What you need to do: Copying starts at the line containing "2021년 1~7월 제조사별 수소차 판매 및 글로벌 시장 점유율" and stops after the last line of the records; each line is repeated exactly, and pictures are skipped.

Supplied data:

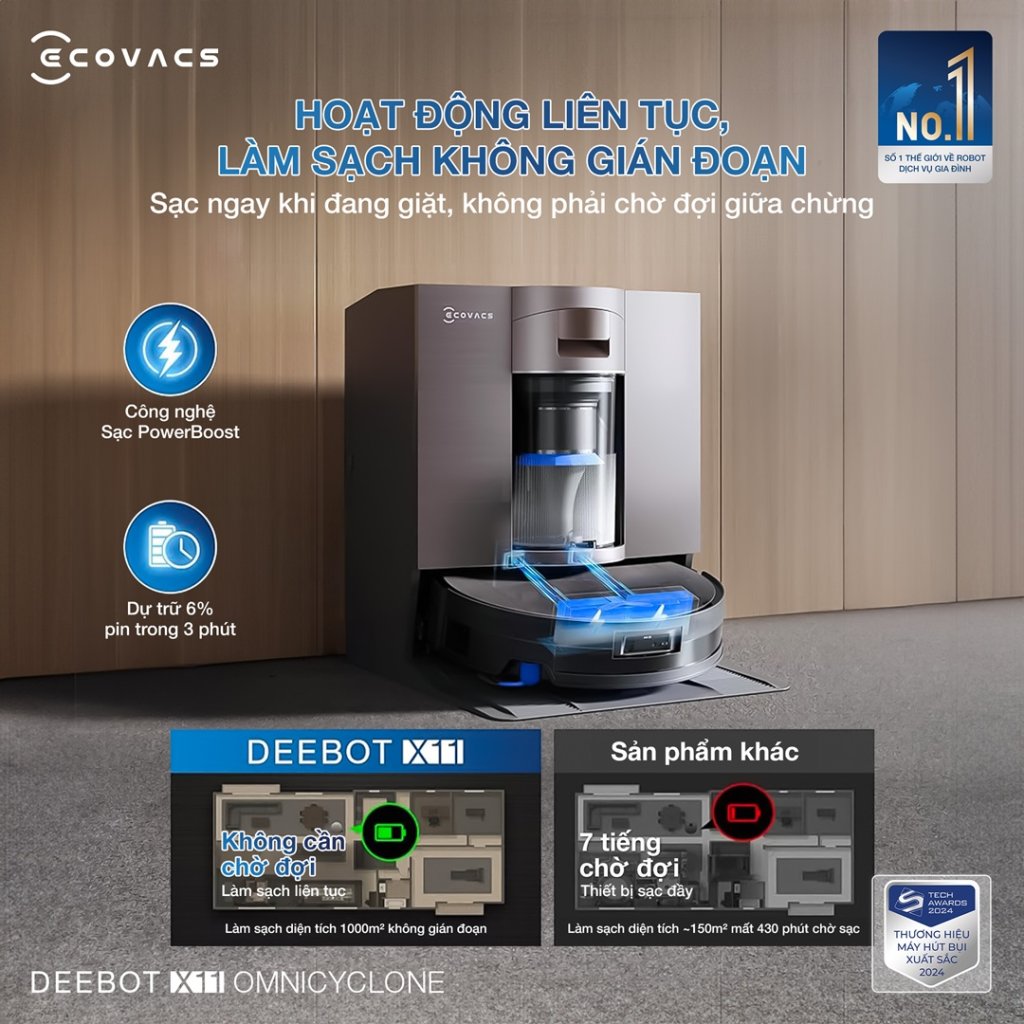 Ecovacs DEEBOT X11 OmniCyclone (4).jpg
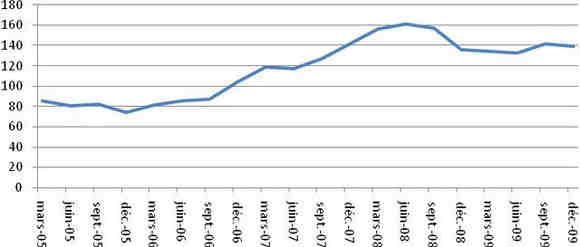2016 12 28 02 graphique 2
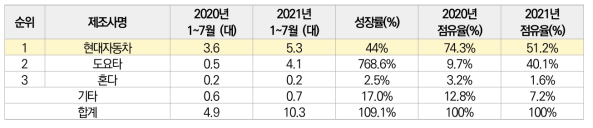 2021년 1~7월 제조사별 수소차 판매 및 글로벌 시장 점유율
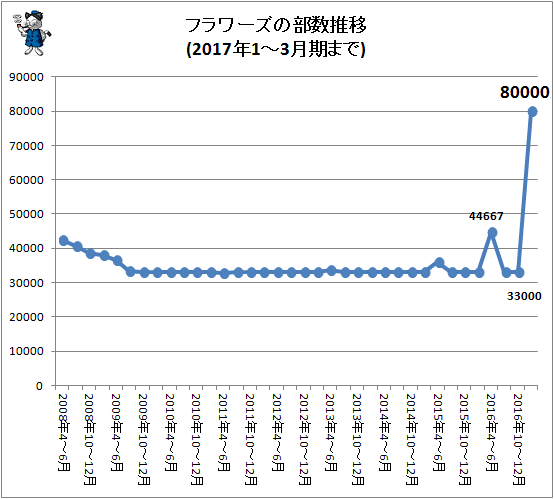 ↑ フラワーズの部数推移(2017年1-3月期まで)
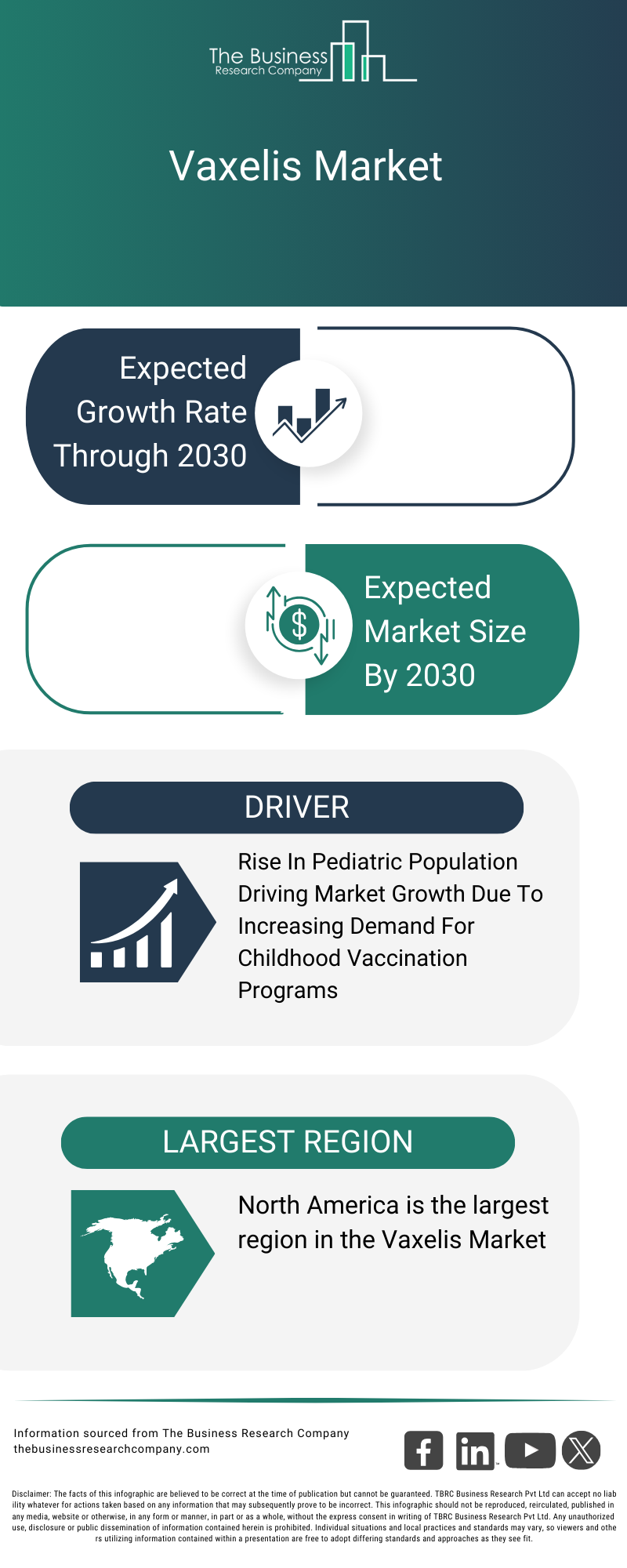Explore insights from the Vaxelis Market Global Report 2026 Market report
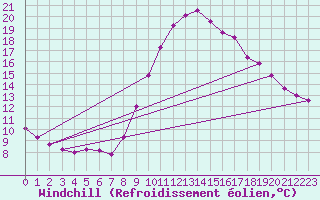 Courbe du refroidissement olien pour Quimperl (29)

Response area:
 2021년 1~7월 제조사별 수소차 판매 및 글로벌 시장 점유율
 ↑ フラワーズの部数推移(2017年1-3月期まで)
Explore insights from the Vaxelis Market Global Report 2026 Market report
 Courbe du refroidissement olien pour Quimperl (29)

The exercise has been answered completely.